You can't _update_ an account value without issuing a valid transaction
(requiring the private key). What you can do with a majority hash power is
_roll back_ transactions. But this is limited to your ability to generate a
longer chain which becomes more improbable with each mined block.

This attack vector isn't that great because transactions worth larger amounts
will wait for more confirmations. You're essentially left with an expensive
DoS.

------
andrewla
The particular attack you describe is infeasible in Bitcoin for sure, and
almost certainly for any other cryptocurrency. The problem is that the miners
certify that a given chain is valid, but nodes and other miners will apply
block validity criteria on top of that. Block validity includes things like
"transactions are properly signed" and "miner rewards are correctly
calculated".

This effectively means that creating a "fake" transaction that would empty
someone's account and credit it to the thieves would require a valid signature
from the original account.

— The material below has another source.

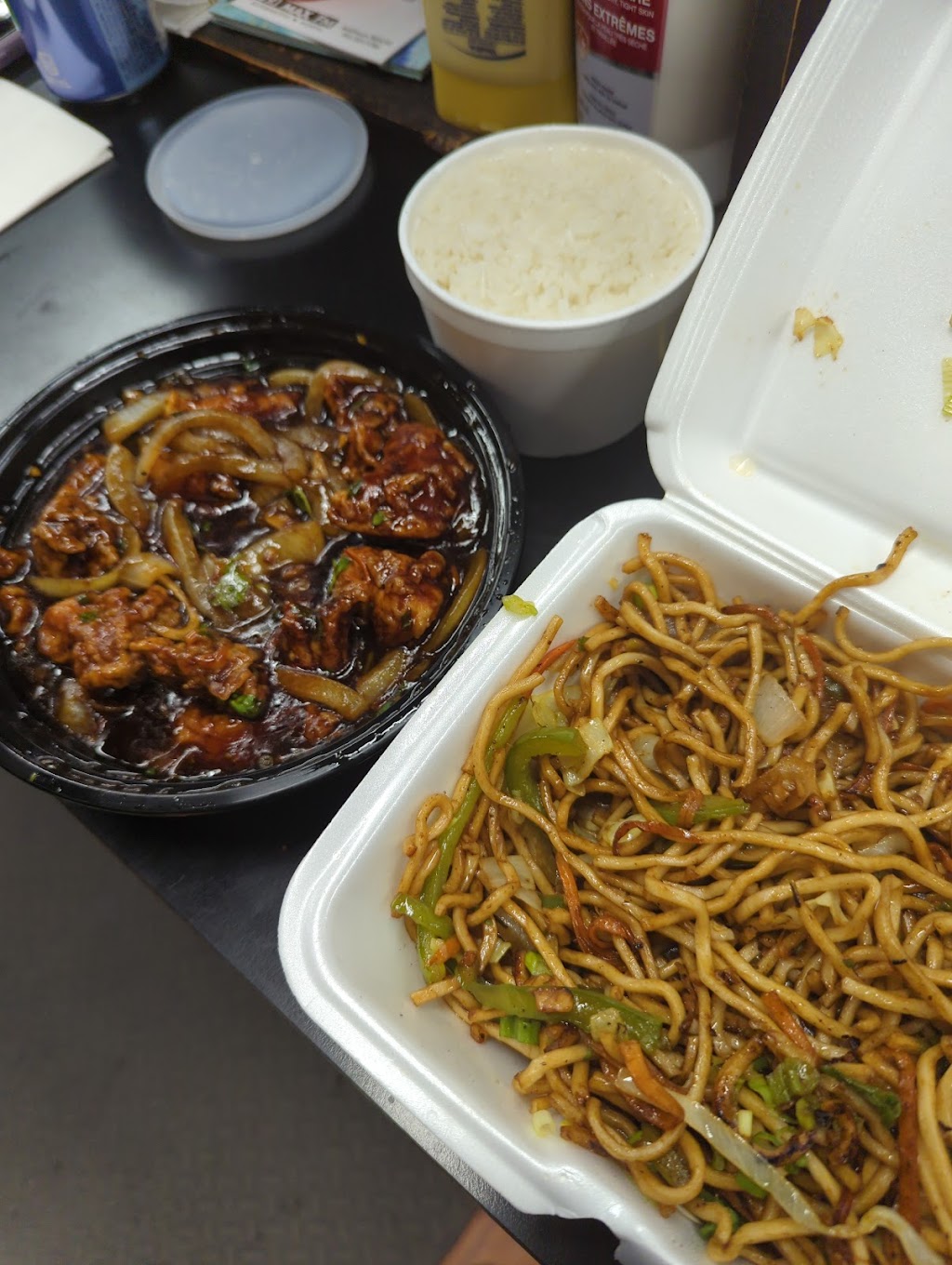 Hakka Town | Bayfield Mall Food Court, 320 Bayfield St Unit 87A, Barrie, ON L4M 3C1, Canada | Phone: (705) 818-0582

Otherwise nobody would accept the new block.
Changing the block validity criteria is possible, but requires cooperation on
a much more grand scale, especially for Bitcoin where there are many
implementations of the protocol that would have to change to match the new
block validity criteria (which, suspiciously, will contain a new criteria
saying "oh, and the signature check criteria don't apply to transactions from
this address").

Without some form of consensus, this would amount to "theftcoin" simply being
a hard fork of Bitcoin, with the main chain continuing, potentially with less
hash power.

------
randomerr
There's a cost to run shards - bandwidth, processing and storage. Each
transaction has a 2n1 cost (2 Parties, 1 shard, 'n' shards to sync too.)
Decentralization has a high overhead to verify transactions over 'n'
participants.

That why centralized ledgers were created. Sharded ledgers just means that you
have smaller ledgers that have to be synchronized at some point. When you have
more centralization you have larger chance of fraud.

------
Olshansky
It doesn't break down everywhere. This is one of the reasons why BTC is
leading the way even though there are a lot of other blockchains which are
arguably "better". Being the first kid on the block has a lot of benefits
since the mining power is sufficiently large and distributed that it's near
impossible to have a 50% attack now, unless the miners stop mining or
cooperate.

If you think about it, there are many improvements that could be made to basic
networking protocols (TCP, IP, HTTP), but since the standards were set "in
stone" so long ago, it is difficult to change now.